Nothing but the lines from the first line of the records below to the line holding "До и после шунтирования артерий" belongs in the answer, copied exactly and without pictures.

_Information_
● ● ● ● ●

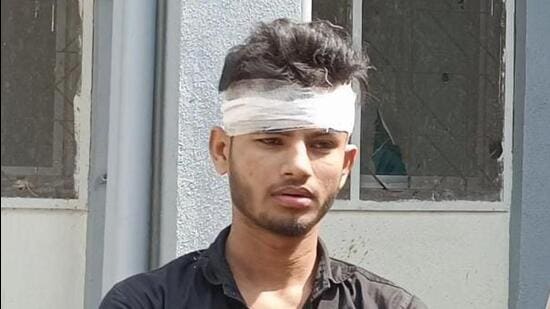 The two brothers were identified as Riaz Noor Mohammed, 19 and Farid Ansari, 22. They were rushed to Rukminibai Hospital where Farid was declared dead, while Riyaz was treated for injuries and discharged (HT PHOTO)
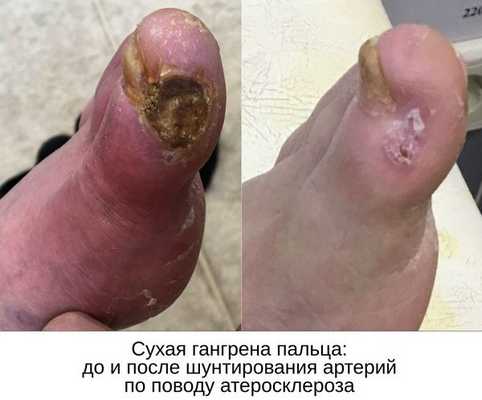 До и после шунтирования артерий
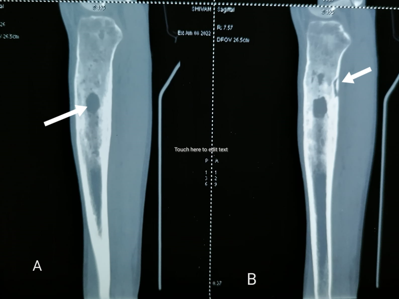 A&B: Coronal and saggital CT sections shows osteolytic lesion in the upper part of the tibial diaphysis with surrounding bony sclerotic changes, cortical thickening and periosteol reaction. Arrow shows a breach in the cortex at the posterior aspect of tibial diaphysis through which a serpentine fistulous tract seen extending from osteolytic lesion to the adjacent soft tissue.
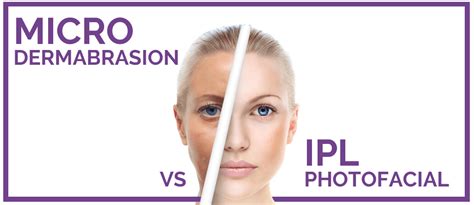 Microdermabrasion Vs Ipl Photofacial Whats The Difference Eureka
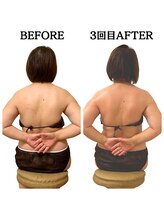 エミニー(EMINY)/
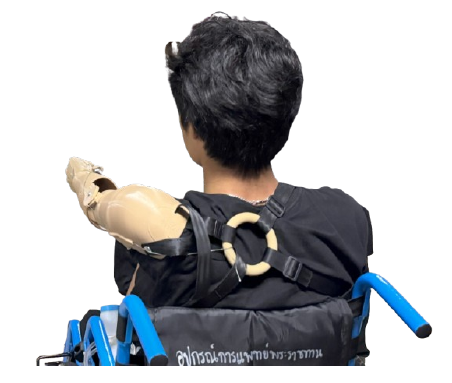 Figure 2: A.R.M. and harness design fitted to a BCMF patient. 
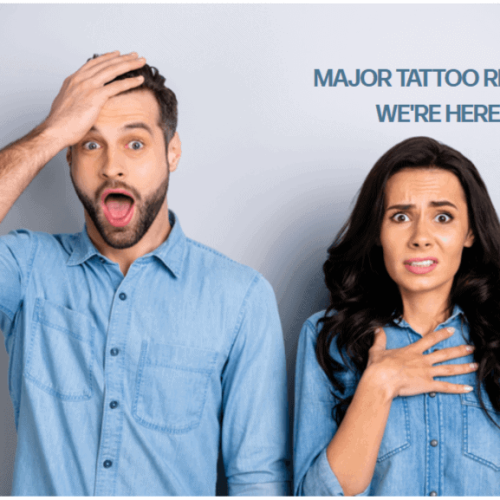 Couples with shocked expressions | Laser Tattoo Removal In Kaysville, UT | True Beauty Forever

● ● ● ● ●

_Expected answer_
 The two brothers were identified as Riaz Noor Mohammed, 19 and Farid Ansari, 22. They were rushed to Rukminibai Hospital where Farid was declared dead, while Riyaz was treated for injuries and discharged (HT PHOTO)
 До и после шунтирования артерий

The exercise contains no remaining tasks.